Примиряющий и кощунственный
Примиряющий и кощунственный
Но культура, кроме красоты (трагедии), создала еще одно орудие защиты — комедию. Защиту смехом.
Хотя люди пытаются возложить на смех столько обязанностей, что не сразу и поймешь, какая из них главная. Провинциальное кладбище, солнечный день накануне Троицы. Шумная, навеселе, полуродственная компания в обширной многоместной ограде готовит к празднику свой семейный пантеончик. Мужчины уже выкрасили решетку и натаскали песку и дерну, а женщины еще дометают и что-то поправляют на клумбах, то бишь могилах.
— В дырку засунь, — советует одна подметальщица другой — бойкой, подсушенной алкоголем бабенке.
— В какую? — уточняет та с такой блудливой улыбкой, что советчица с радостной недоверчивостью хохочет:
— Ну, чума, ну, чума!..
— Ладно, воровка, лучше дай-ка ведро. — Они обе недавно попались у себя на мясокомбинате при попытке вынести два батона колбасы.

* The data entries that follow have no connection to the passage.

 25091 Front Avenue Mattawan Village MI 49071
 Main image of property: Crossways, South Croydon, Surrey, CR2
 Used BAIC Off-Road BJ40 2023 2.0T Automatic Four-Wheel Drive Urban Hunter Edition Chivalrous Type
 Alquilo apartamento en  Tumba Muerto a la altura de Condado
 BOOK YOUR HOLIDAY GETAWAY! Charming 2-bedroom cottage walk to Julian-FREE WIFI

— Держи, воровка, — еще радостнее отвечает первая: бойкая товарка раскрепощает ее, дает своими шуточками возможность не стыдиться того, что им навязывают как постыдное.

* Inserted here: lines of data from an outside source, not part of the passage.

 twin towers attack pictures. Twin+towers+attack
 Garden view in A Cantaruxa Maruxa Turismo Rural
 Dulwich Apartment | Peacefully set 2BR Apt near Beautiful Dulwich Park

Мужчины тоже то и дело хохочут, чтобы убедить себя, что им весело, — иначе будет жалко денег, потраченных на выпивку. Два авторитета спорят, что полезнее для здоровья: вино после пива или наоборот. Каждый встречает доводы оппонента деланным смехом, зазывно поглядывая на окружающих: тот, кому удастся организовать коллективный смех, останется победителем. Побеждает мужик в возрасте, первым догадавшийся призвать на помощь поэзию, то бишь рифму.
— Пиво на вино — человек г…, — козырнул, он, — вино на пиво — человек на диво.
Все хохочут — этим и решается спор: неправ тот, над кем смеются.
Робкий мужичонка давно с умилением поглядывает на копошащихся в пыли воробьев.
— Чего они там клюют — одна же грязь… — как бы сам с собой бормочет он, на самом же деле желая соучастия своей умиленности.
— Гляди, гляди, дерутся, ха-ха-ха, — он смеется, чтобы показать, до чего он хорошо проводит время, и тем заманить еще кого-то. Но право выбирать объекты и для смеха, и для умиления — важная социальная привилегия, и не дается кому попало. Сейчас этим правом завладел сторонник вина на пиве.
Все чувствуют, что в возникшей атмосфере взаимного подшучивания тот, на кого укажет победитель, обречен, а потому посматривают на него с выжидательными полуулыбками — и не без робости. Готовность смеяться начальственным шуткам — один из важнейших атрибутов почтительности. Повелитель смеха оглядывает потенциальные объекты коллективного осмеяния и милосердно выбирает нейтральный — обращается к играющему среди воробьев мальчуганчику в растянутых трикотажных трусиках:
— Юрик, ты чего трусы не подтягиваешь — у тебя же пуп на волю глядит!
Юрик с готовностью подтягивает трусики до упора, не замечая, что при этом показывается на волю до слез беззащитная, мелко гофрированная пипка. Все снисходительно хохочут — пацанчику досталось то умиление, которое робкий мужичонка пытался обратить на воробьев.
Доносятся заунывные звуки духового оркестра. Все принахмуриваются, но бойкая бабенка разряжает напряжение.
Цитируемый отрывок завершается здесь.